From 695f429a47d1df392510ea61bf1c92077ee64cdc Mon Sep 17 00:00:00 2001
From: Andreas Kloeckner <inform@tiker.net>
Date: Wed, 31 Mar 2021 13:59:37 -0500
Subject: [PATCH 2/2] mempool: bin_number and alloc_size are no longer static

---
 src/wrapper/mempool.cpp | 2 --
 test/test_driver.py     | 7 ++++---
 2 files changed, 4 insertions(+), 5 deletions(-)
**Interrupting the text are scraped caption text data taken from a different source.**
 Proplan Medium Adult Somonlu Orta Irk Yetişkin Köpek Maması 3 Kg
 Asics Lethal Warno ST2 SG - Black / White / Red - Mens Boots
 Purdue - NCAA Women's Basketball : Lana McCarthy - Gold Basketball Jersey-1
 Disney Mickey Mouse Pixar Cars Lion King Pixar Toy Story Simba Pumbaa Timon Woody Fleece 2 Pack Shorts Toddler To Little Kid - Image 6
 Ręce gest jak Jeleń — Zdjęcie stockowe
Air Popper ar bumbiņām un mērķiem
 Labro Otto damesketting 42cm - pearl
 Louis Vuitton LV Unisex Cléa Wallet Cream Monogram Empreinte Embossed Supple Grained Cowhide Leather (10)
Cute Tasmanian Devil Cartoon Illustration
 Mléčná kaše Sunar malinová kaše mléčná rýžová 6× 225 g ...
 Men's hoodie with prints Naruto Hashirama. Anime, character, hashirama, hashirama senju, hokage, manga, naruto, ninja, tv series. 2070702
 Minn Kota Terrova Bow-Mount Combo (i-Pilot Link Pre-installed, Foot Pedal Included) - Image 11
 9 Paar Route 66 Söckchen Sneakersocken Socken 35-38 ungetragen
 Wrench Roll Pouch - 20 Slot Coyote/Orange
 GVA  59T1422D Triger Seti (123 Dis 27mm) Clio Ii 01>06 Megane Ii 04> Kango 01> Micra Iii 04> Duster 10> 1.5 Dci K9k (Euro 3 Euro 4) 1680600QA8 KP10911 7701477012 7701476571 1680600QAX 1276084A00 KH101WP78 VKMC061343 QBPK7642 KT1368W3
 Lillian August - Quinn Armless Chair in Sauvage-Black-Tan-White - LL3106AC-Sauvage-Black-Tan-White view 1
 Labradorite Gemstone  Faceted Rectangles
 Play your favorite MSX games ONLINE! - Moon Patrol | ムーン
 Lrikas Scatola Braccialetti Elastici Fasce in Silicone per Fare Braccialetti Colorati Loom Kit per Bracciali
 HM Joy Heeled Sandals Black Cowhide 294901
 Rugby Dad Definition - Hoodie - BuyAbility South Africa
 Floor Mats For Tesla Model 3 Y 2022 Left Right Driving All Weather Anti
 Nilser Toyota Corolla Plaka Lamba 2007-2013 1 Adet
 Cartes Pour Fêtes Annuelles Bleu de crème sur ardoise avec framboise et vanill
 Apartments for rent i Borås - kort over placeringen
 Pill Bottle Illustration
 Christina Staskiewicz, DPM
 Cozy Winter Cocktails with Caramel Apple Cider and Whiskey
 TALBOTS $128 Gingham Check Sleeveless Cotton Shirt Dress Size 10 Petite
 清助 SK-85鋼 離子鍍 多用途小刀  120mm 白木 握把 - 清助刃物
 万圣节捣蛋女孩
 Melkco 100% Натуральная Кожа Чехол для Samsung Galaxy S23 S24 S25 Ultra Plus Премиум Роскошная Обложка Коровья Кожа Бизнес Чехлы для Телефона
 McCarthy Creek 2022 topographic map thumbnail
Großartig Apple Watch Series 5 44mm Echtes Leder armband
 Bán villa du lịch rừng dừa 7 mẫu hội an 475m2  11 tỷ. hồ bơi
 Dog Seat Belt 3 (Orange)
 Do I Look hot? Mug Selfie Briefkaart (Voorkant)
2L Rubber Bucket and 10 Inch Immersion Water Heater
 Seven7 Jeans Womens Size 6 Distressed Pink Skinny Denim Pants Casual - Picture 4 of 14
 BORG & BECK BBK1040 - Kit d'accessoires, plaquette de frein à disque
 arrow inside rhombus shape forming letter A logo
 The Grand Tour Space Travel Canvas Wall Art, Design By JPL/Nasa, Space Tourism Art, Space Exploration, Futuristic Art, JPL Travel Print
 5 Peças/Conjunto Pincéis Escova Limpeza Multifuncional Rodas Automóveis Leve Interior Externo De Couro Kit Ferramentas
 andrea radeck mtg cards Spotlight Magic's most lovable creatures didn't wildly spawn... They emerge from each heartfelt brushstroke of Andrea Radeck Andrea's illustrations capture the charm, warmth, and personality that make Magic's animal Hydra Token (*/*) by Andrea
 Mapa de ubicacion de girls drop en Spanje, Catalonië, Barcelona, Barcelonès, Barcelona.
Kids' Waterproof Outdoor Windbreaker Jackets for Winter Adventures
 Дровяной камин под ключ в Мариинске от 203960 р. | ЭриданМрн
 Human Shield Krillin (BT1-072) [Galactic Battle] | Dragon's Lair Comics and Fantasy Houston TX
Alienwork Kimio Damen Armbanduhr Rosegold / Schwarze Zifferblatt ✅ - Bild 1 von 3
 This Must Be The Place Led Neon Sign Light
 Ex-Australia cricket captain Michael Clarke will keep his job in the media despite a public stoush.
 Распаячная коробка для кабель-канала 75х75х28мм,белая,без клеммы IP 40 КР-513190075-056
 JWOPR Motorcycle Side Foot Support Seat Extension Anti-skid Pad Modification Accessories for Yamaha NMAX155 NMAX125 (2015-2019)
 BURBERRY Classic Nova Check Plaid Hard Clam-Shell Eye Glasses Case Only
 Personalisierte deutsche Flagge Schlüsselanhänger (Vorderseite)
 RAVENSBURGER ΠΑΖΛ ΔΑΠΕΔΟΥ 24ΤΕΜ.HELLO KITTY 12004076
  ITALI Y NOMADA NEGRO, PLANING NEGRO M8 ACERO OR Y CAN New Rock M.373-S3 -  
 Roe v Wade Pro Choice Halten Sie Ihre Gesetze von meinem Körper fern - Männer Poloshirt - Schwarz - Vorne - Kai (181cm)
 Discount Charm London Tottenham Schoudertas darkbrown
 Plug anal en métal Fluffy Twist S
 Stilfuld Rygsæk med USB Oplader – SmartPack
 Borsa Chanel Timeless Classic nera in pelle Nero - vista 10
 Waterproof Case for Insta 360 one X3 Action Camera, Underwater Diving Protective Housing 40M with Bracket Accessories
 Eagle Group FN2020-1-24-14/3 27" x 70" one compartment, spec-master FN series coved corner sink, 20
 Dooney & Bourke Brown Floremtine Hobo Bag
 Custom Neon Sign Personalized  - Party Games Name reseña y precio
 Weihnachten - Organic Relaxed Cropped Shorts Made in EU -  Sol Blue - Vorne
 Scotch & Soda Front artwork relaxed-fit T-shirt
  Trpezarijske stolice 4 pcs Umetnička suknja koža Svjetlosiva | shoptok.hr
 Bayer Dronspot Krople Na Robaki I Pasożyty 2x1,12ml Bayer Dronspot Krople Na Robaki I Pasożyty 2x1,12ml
diff --git a/src/wrapper/mempool.cpp b/src/wrapper/mempool.cpp
index 77a4a737..66f43f7e 100644
--- a/src/wrapper/mempool.cpp
+++ b/src/wrapper/mempool.cpp
@@ -234,8 +234,6 @@ namespace
       .DEF_SIMPLE_METHOD(alloc_size)
       .DEF_SIMPLE_METHOD(free_held)
       .DEF_SIMPLE_METHOD(stop_holding)
-      .staticmethod("bin_number")
-      .staticmethod("alloc_size")
       ;
   }
 }
diff --git a/test/test_driver.py b/test/test_driver.py
index b022aa37..98f3c8aa 100644
--- a/test/test_driver.py
+++ b/test/test_driver.py
@@ -669,14 +669,15 @@ class TestDriver:
     def test_mempool_2(self):
         from pycuda.tools import DeviceMemoryPool
         from random import randrange
+        pool = DeviceMemoryPool()
 
         for i in range(2000):
             s = randrange(1 << 31) >> randrange(32)
-            bin_nr = DeviceMemoryPool.bin_number(s)
-            asize = DeviceMemoryPool.alloc_size(bin_nr)
+            bin_nr = pool.bin_number(s)
+            asize = pool.alloc_size(bin_nr)
 
             assert asize >= s, s
-            assert DeviceMemoryPool.bin_number(asize) == bin_nr, s
+            assert pool.bin_number(asize) == bin_nr, s
             assert asize < asize * (1 + 1 / 8)
 
     @mark_cuda_test
-- 
GitLab